Lizzie smiled alarmingly bright and winked at Joe who still had one foot on the step to cross and meet his own lovely lady Lucy at Sid’s as soon as he could untangle himself from Bobby.

“Hello Joe, so nice to make your acquaintance. Will you be joining us this fine evening?” She smiled lightly placing a slender pale cream hand on Bobby’s arm.

“Ah, sorry lass. I’ve got a date with a bottle of cheap Bordeaux and a book dull as it may seem.” Joe smiled, winked, and strode across the street just ahead of the 9 o’clock trolley and turning the corner by the very bike shop he and Bobby had taken refuge under on their first day in New York – he was gone.

Joe nodded absentmindedly remembering the meeting.

Bobby continued after slamming the cracked newspaper door just as Herb, the post’s own PI was poised to knock. “Well she’s got a friend. And this friend has, and trust me I know, a pair of legs that’ll knock your hat back and a pair of…..”

“Bobby!” Joe interrupted, both ignoring the incessant pounding on the door by Herb, “Not tonight eh.”

Bobby tossed an annoyed look over his shoulder at the vague silhouette of Herb visible through the frosted plate glass. The pounding continued. He knew Joe was hiding something. A dame no doubt though why Bobby had no clue. Joe had been furtive yet distracted for a few weeks now. Coming and going with a secret urgency .

“What’s up Joe? You gotta a girl down on…….?” He paused and lower said, “A guy? A bookie?”

Joe rolled his eyes and glanced at the large brass clock hanging over the picture window leading to the copy room. There was no getting out this time. He’d wanted to keep her a secret, his secret, a little longer. The very moon that set blazing upon his heart and his plans. But Bobby was his brother and was not going to let up. Bobby was also a ladies man of the worst sort for he was in no way ashamed of his approach. 

“Alright Bobby you crazed mutt, let it go. I met a girl alreet?” Joe sighed heavily and waited for the barrage of jokes and knowing lusty winks.

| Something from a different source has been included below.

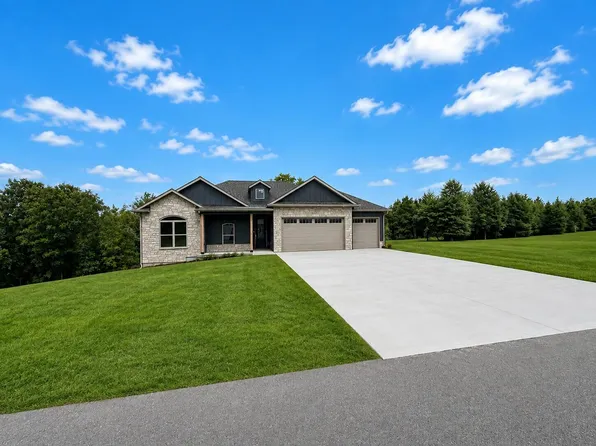 25321 Silvercrest Ct, Wooldridge, MO 65287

Bobby was something of a libertine and had left Ireland with a trail of broken hearts while Joe had simply been too quiet and circumspect to do much more than smile. He had held hands and kissed Malvoreen Mcintyre once but the experience had made him all the more cautious since she had attempted to slide her long fingers down his trousers and the slight brush was enough to cause Joe to jump upwards spilling Malvoreen unceremoniously onto the hay strewn about in the old Mcintyre barn. Bobby had split his work pants and cried tears of mirth laughing uproariously when Joe had mistakenly shared his reservations about Malvoreen’s illicit attempt to beguile him.

So it was with reluctance that Joe shared with Bobby the details of his affair with Lucy, if affair was even the most accurate term. Thus far the pair had spent much of their time together talking and exchanging amusing stories of their day to day encounters. There had been a couple times Lucy’s caramel skinned hand had lay gently on Joe’s arm as she laughed at some story he’d told her about the goings on at the Mirror. It was so instinctive, her hand on his arm and her head on his shoulder that the lightness in his head gave way to a spreading warmth all through his body.

Then one night he had cupped her heart-shaped face in his hands and kissed her plump lips bruising them in their sweetness. Her liquid eyes had gotten so dark then and he’d had to step away swathing the both of them in pale gold light from the porchlight on the worn stoop the smell of the water from the river wafting up the street.